I spent the second week of August in Athens, Georgia, attending POPFEST, sponsored by the estimable Happy Happy Birthday to Me Records. You know a music festival is worthwhile when you come home with an enormous stack of CDs, which I came to affectionately call "the brick." There were a ton of great bands I'd never heard of before, and I can say that there were only about two or three that I disliked; out of a roster of 50, that's a damn good hit ratio. I've already written up a general summary of the festival at my Optical Atlas website, but since that's an Elephant 6-oriented blog, I'd like to spend the next week or so going a little more in-depth here at Electric Sailor, taking a closer look at some of the bands who surprised me.

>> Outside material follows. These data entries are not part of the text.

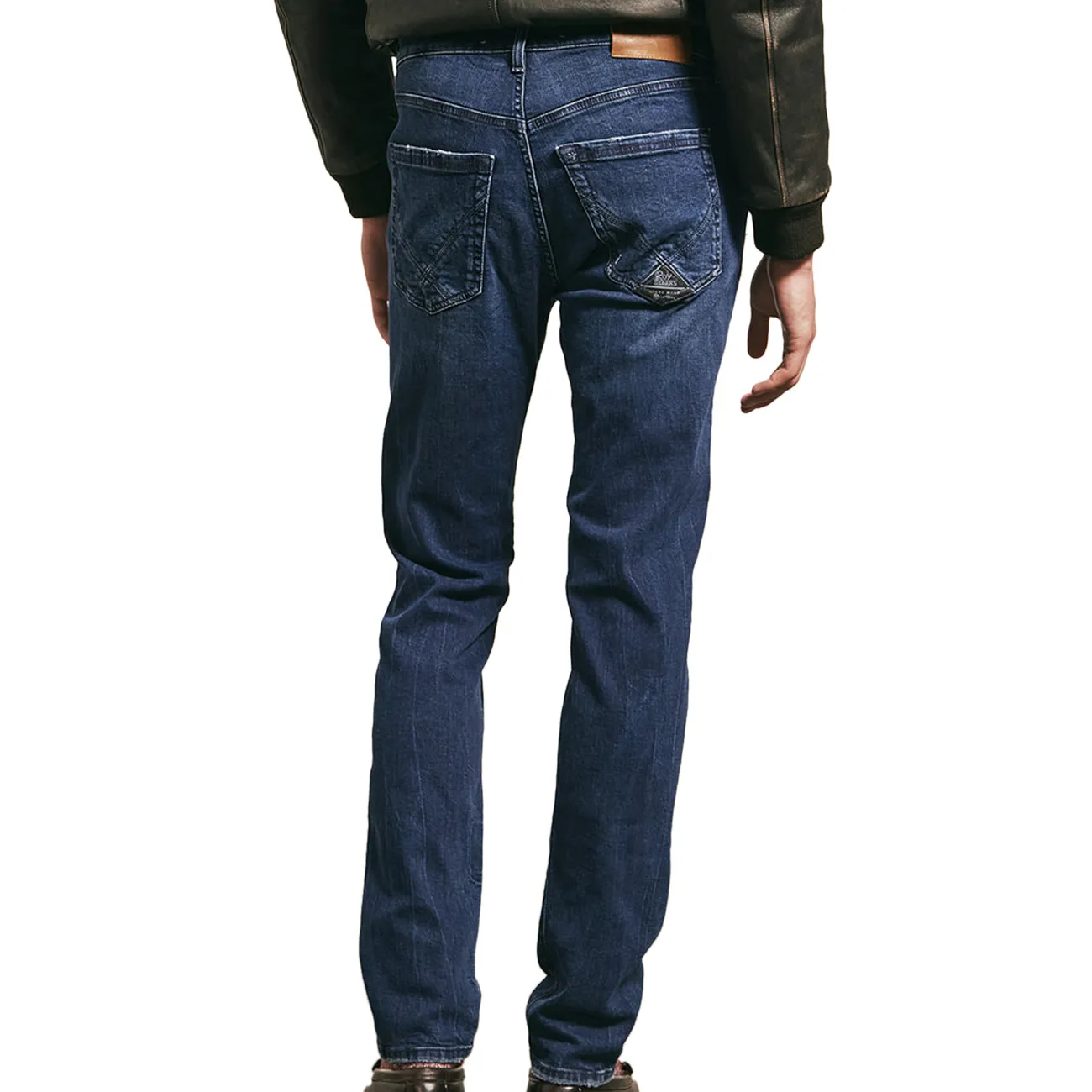 JEANS DENIM CURECANTI Uomo Denim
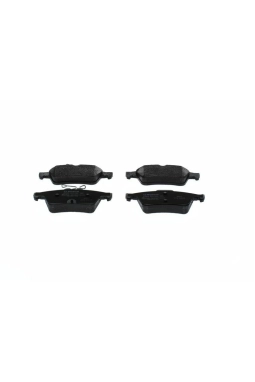 BOSCH 0986424999 | Fren Balata Arka 11-508-Cmax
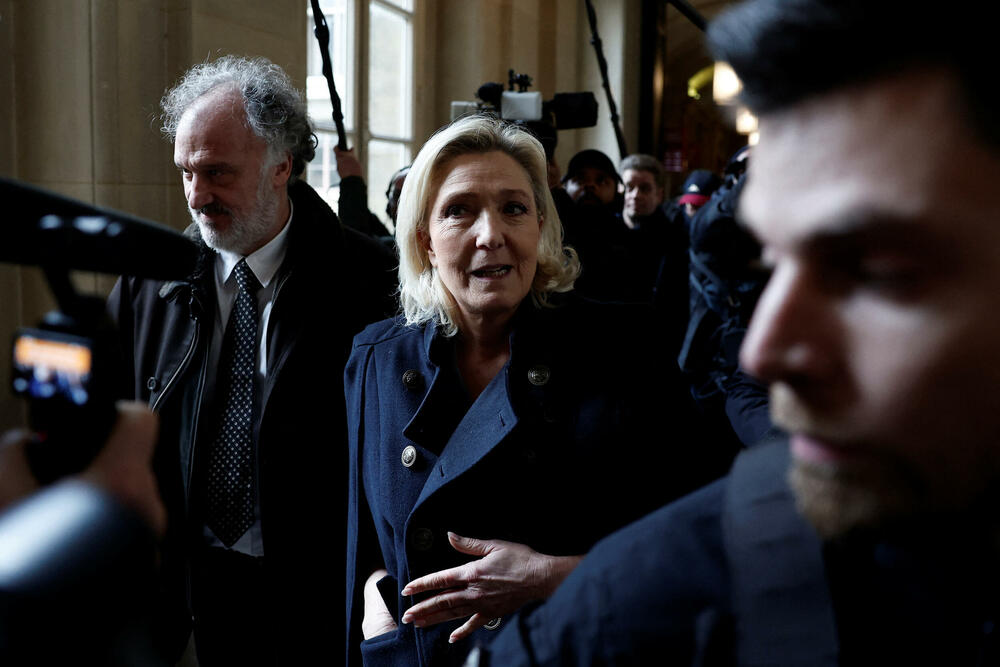 Marin Le Pen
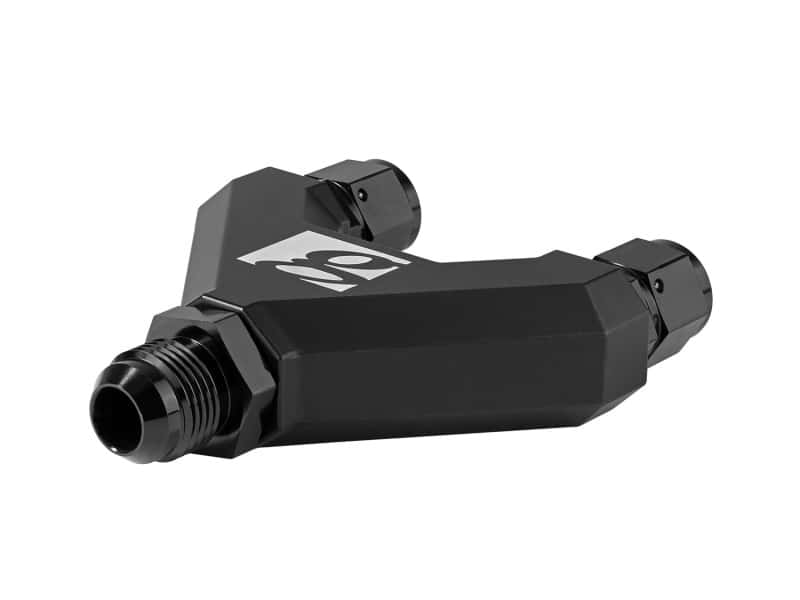 Grams Performance — Grams Performance Billet Y-Block Dual Fuel Pumps
Fuel Pump Fitting - view 5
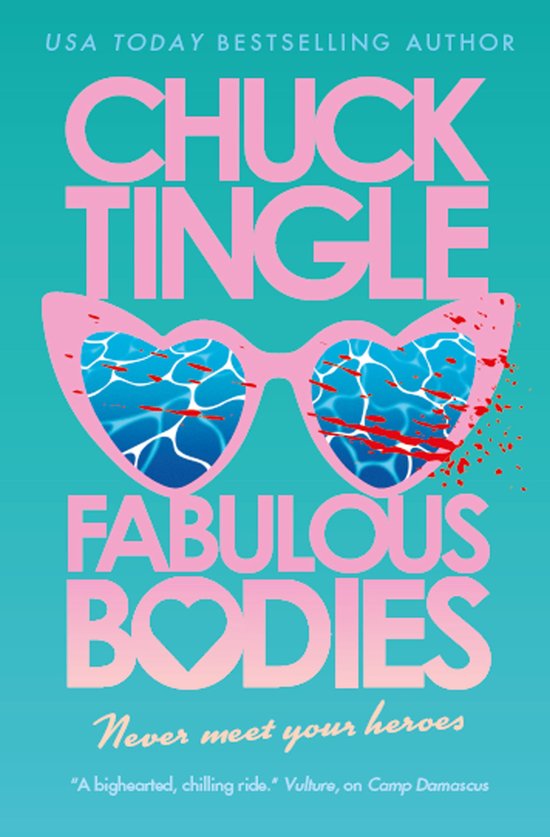 Fabulous Bodies - cover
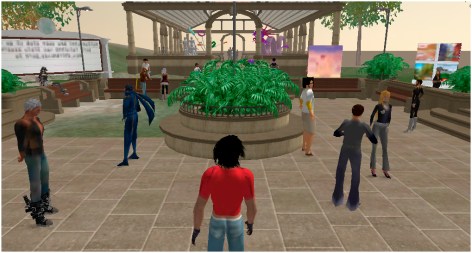 looking for Paulo  | second life | R.Cambusano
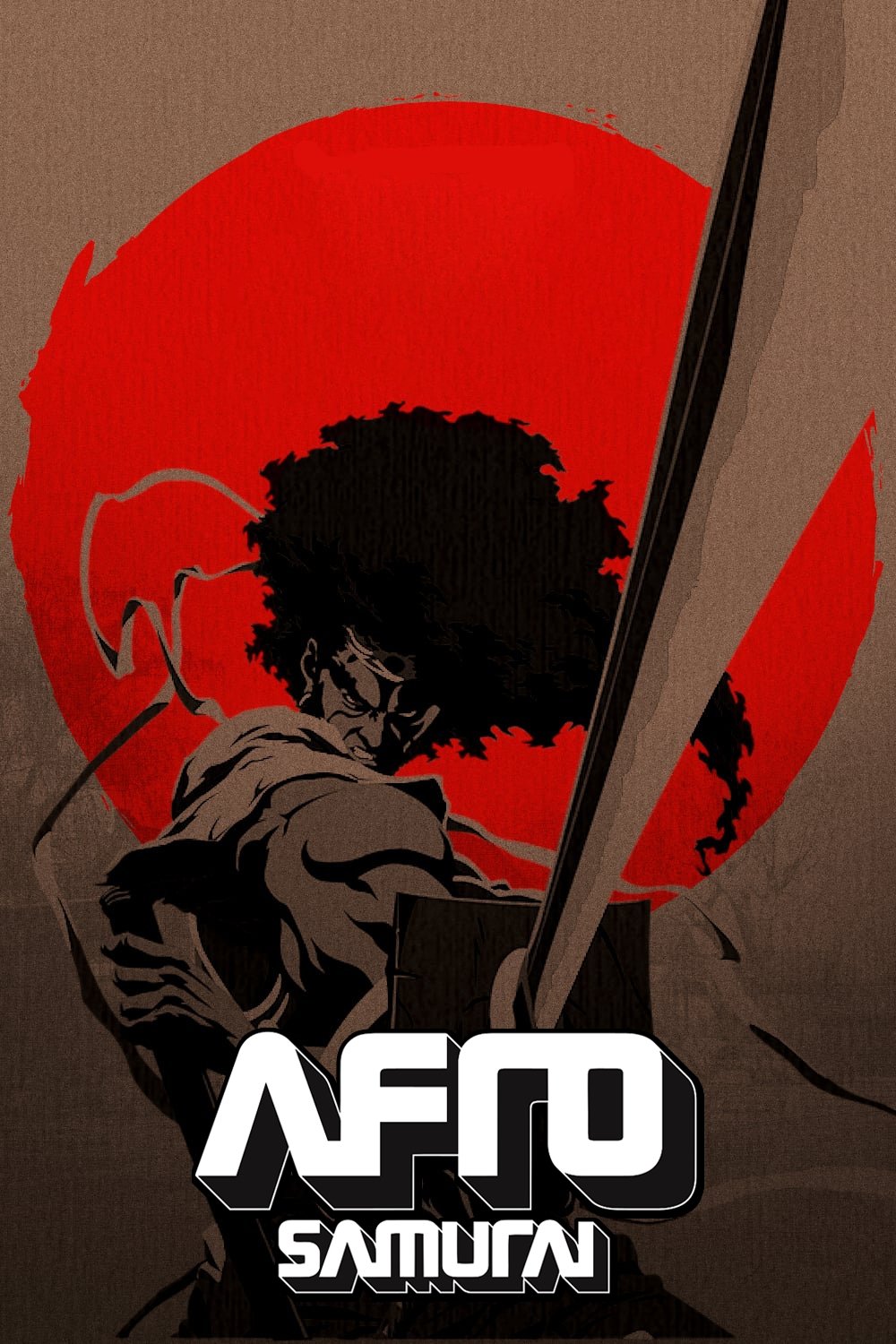 Afro Samurai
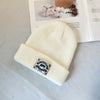 Men And Women Fashion Autumn And Winter Knitting Warm Woolen Hat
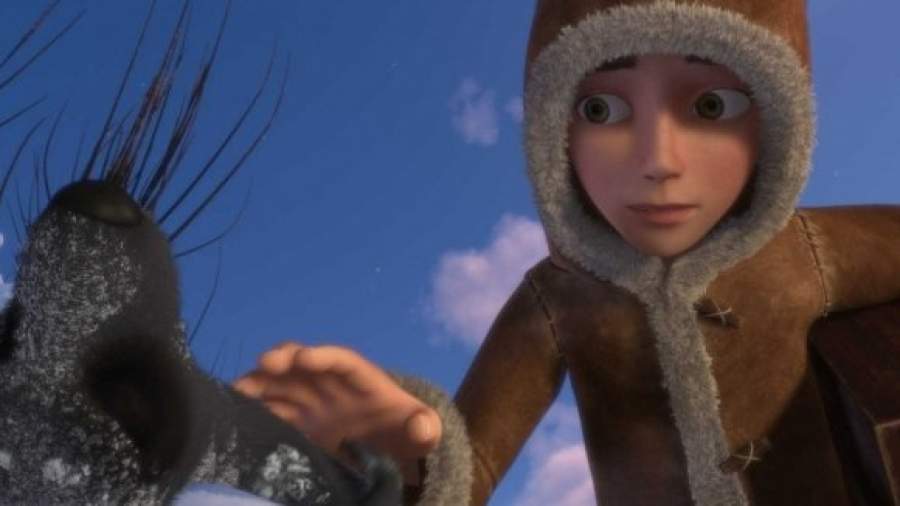 «Снежная королева» заработала в китайском прокате $500 тыс.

The theme here is great new music that deserves wider exposure.
#1 Paper Tanks
This band's a bit difficult to write about, since I know nothing about them. They opened the first full day of POPFEST, playing an afternoon set at Little Kings, and kicking the festival off to a fine start with some compellingly unusual rock. Native to Athens, they're relatively new to the scene, having so far only self-released a CD-R EP called Paper Floats. It's always a good sign when you struggle to come up with a comparison for a band, though Pavement and Captain Beefheart alternately came to mind as I listened to their music. "Better Really No," with its intentionally dreary "la-la-la-la-la" backing vocals--like drunken pirates taunting over your shoulder after a lover's quarrel--is emotionally agonizing, but also chugs forward like a relentless steam-powered machine. The band definitely has a dreamy, psychedelic quality which appeals to us electric sailors--do check out the 6:39 unreleased song, "Almost From Golden Books," which the band has graciously provided below along with "Better Really No."
Paper Tanks - Better Really No
Paper Tanks - Almost From Golden Books
#2 Violet Vector and the Lovely Lovelies
At another extremity of the musical spectrum, Violet Vector and the Lovely Lovelies (you'll get used to it) calls back to one-hit-wonder 60's girl groups with just a trace of Siouxsie and the Banshees. Throughout the festival you could easily spot the Lovely Lovelies in the audience, because they were always the most smartly fashionable. Their music is just as polished, and lives up to the quiet buzz which had been building in the days prior to their performance. Hailing from Chapel Hill, North Carolina, and fronted by Amanda Brooks, whose stage presence is formidable, they specialize in three-minute pop songs, albeit of a more chaste variety than their chief competitors of the moment, The Pipettes. Think Kindercore and early Dressy Bessy. Essential pop replete with handclaps, "woo-hoo-hoos," and organ!